I am using tmva for classification problems using pyroot.
Then I Categorized the event by events number to odd tree and even tree.
And they are prepared for test and training separately:
dataloader.AddSignalTree(sig_even_tree, sweight, "Training")
dataloader.AddSignalTree(sig_odd_tree, sweight, "Test")
dataloader.AddBackgroundTree(bkg_even_tree, bweight, "Training")
dataloader.AddBackgroundTree(bkg_odd_tree, bweight, "Test")
Question1: I am not sure if above division is right in pyroot using “Traing/Test” keywords.
Question2: Then I am confused, since we have appointed the training tree and test tree, then if the following codes still splitting the traing_tree into training events and test events?
Or in another sense, if I want to put the all events in sig_training tree, what should I put into the PrepareTrainingAndTestTree?

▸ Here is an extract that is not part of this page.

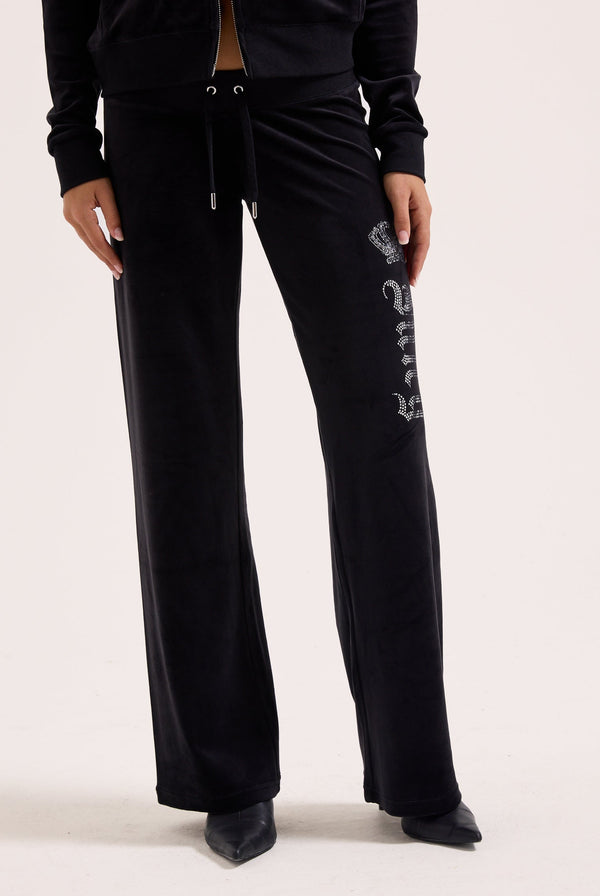 BLACK DIAMANTE CROWN OG STRAIGHT LOW RISE VELOUR BOTTOMS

dataloader.PrepareTrainingAndTestTree(sCut, sCut, "nTrain_Signal=0:nTrain_Background=0:SplitMode=Random:NormMode=NumEvents:!V")
dataloader.PrepareTrainingAndTestTree(sCut, sCut, "nTrain_Signal=5000:nTrain_Background=5000:SplitMode=Random:NormMode=NumEvents:!V")

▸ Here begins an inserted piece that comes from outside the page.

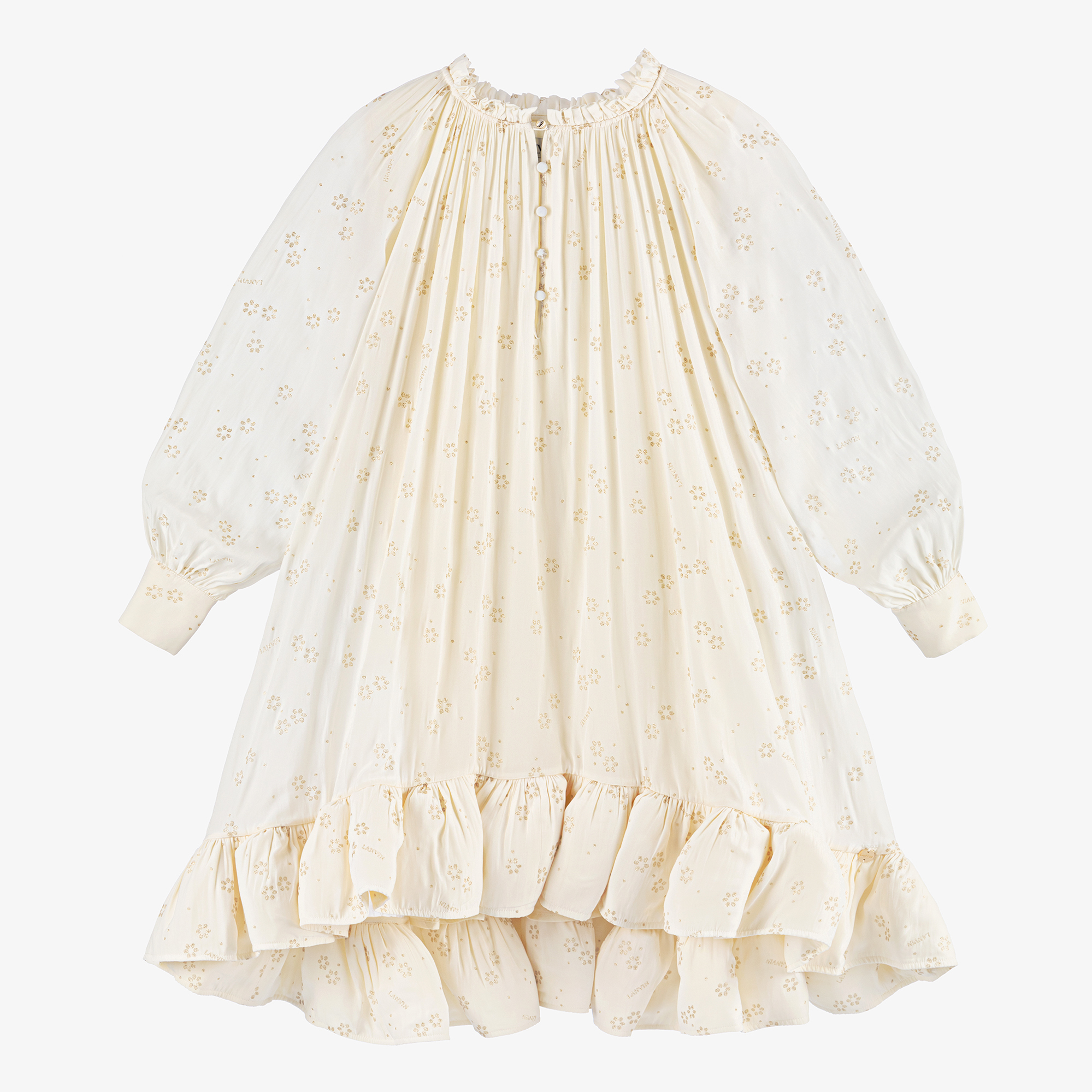Lanvin Girls Ivory Chiffon High Neck Dress Childrensalon Outlet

As documented in the Users Guide (https://root.cern.ch/download/doc/tmva/TMVAUsersGuide.pdf page 21) you can use as option
nTrainSignal=sig_even_tree->GetEntries(). In this way you have the full content of
sig_even_tree used as training data. The same thing you should do for the background tree. assuming you don’t have any cut applied to the data, you should call PrepareTrainingAndTestTree as following:
dataloader.PrepareTrainingAndTestTree(sCut, sCut, TString::Format("nTrain_Signal=%d:nTrain_Background=%d:SplitMode=Block:NormMode=NumEvents:!V",sig_even_tree->GetEntries(), bkg_even_tree->GetEntries()));
Hi @moneta , thanks for your reply and it dispelled my doubts.!

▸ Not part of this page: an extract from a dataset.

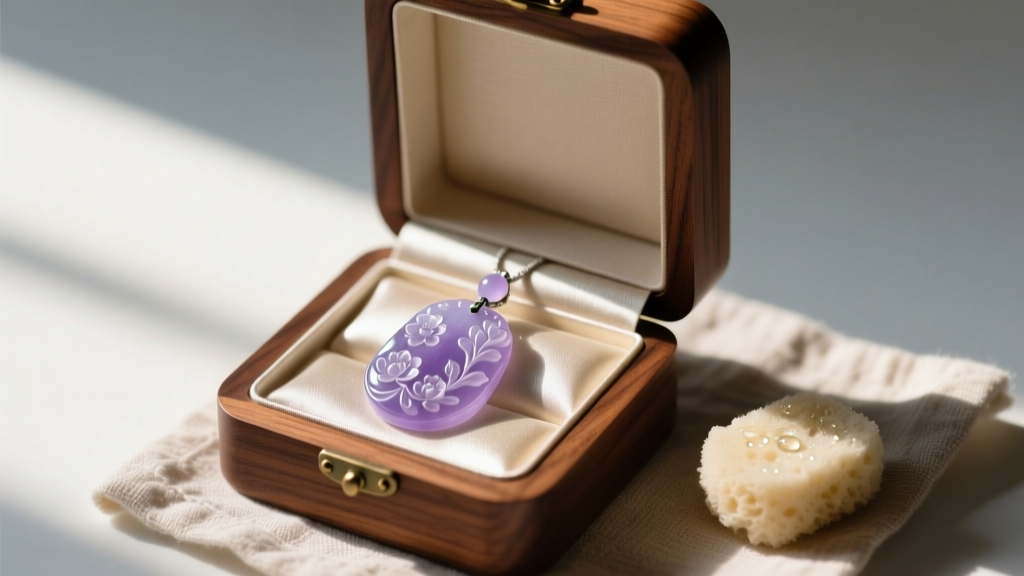 Carved lavender jade pendant stored inside a silk-lined wooden jewelry box with a small damp sponge nearby for humidity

And I also get some interesting explanation from chatgpt:
In the case where a background tree is added for training only, you can safely ignore the testing subset that is produced by
PrepareTrainingAndTestTree, since it will not be used in the analysis. The important thing is to ensure that the training subset is representative of the full dataset, and that it is not biased in any way that could affect the performance of the machine learning model.
I am not sure what ChatGPT means with:
One has to be careful, since the text is generated and not all the time makes sense.